=== DATASET EXTRACT ===
::::::::
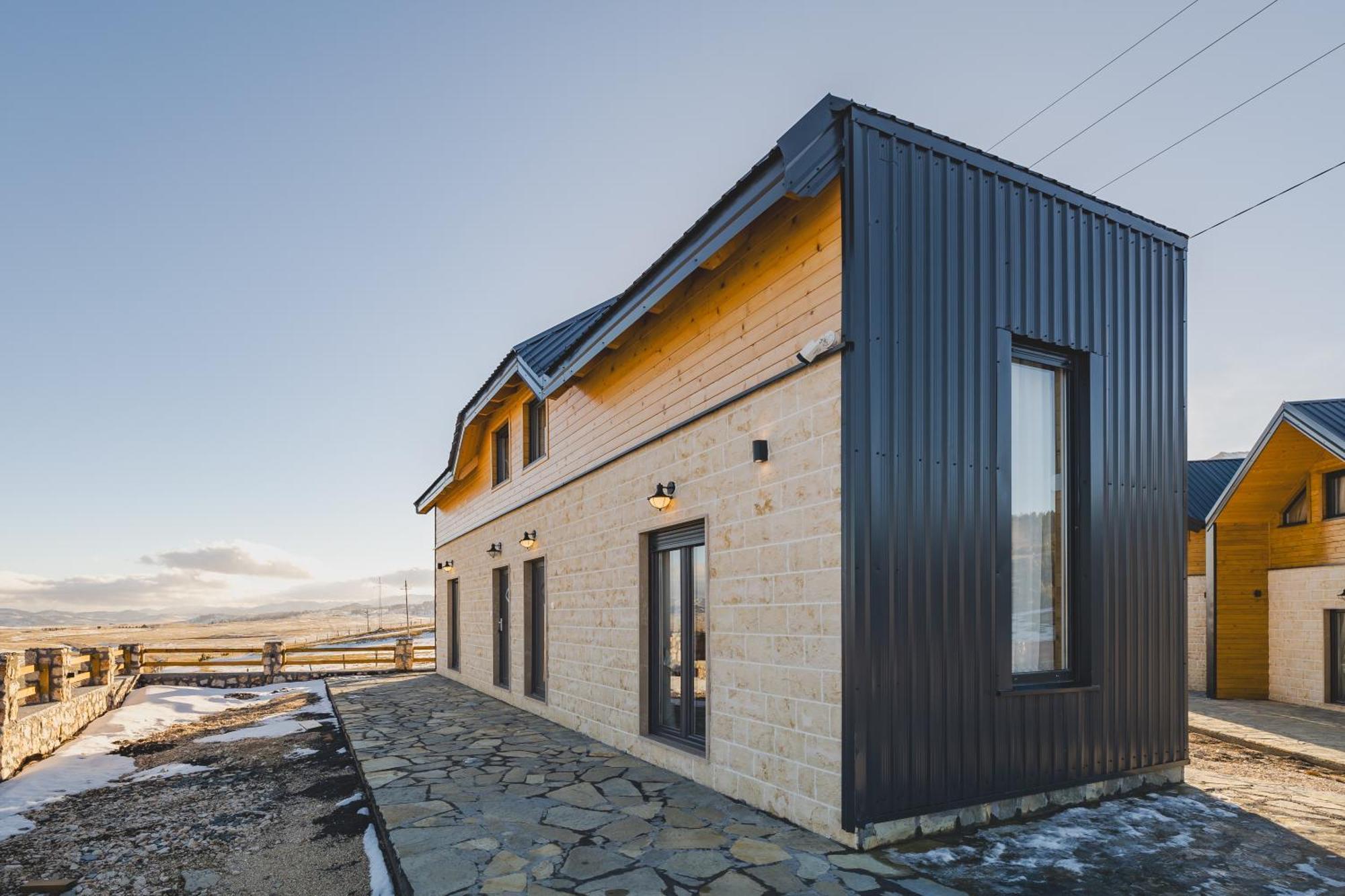 Mountain House Ivanovic Moticki Gaj 외부 사진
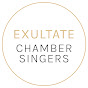 Exultate Chamber Singers logo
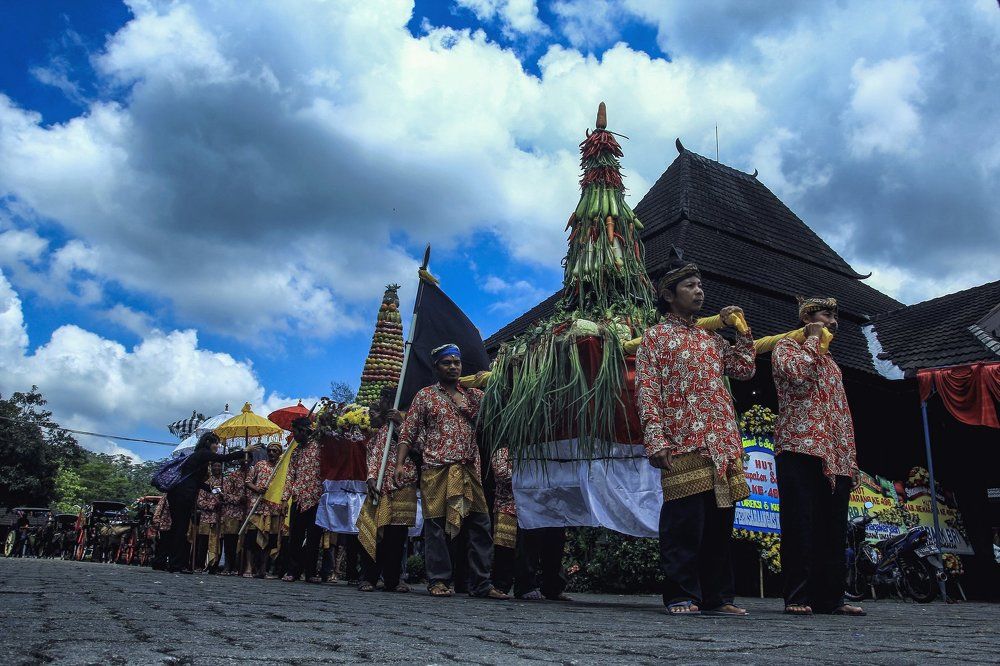 Kirab Budaya Kab. Semarang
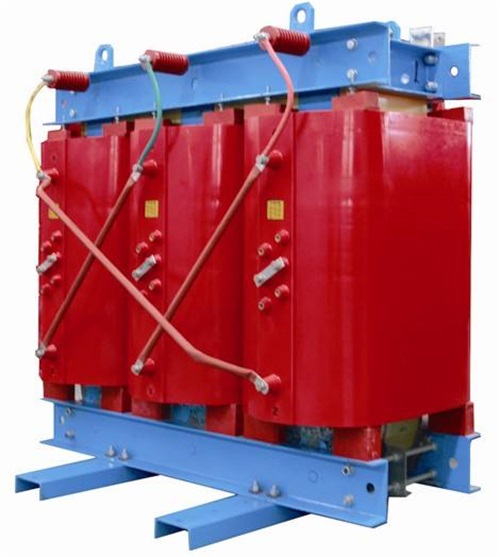 黔西南SCB13-50KVA/10KV/0.4KV干式变压器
::::::::
=== WHAT NEEDS TO BE DONE ===
Copy out every line of the data exactly, leaving the images behind.

=== COMPLETED EXERCISE ===
 Mountain House Ivanovic Moticki Gaj 외부 사진
 Exultate Chamber Singers logo
 Kirab Budaya Kab. Semarang
 黔西南SCB13-50KVA/10KV/0.4KV干式变压器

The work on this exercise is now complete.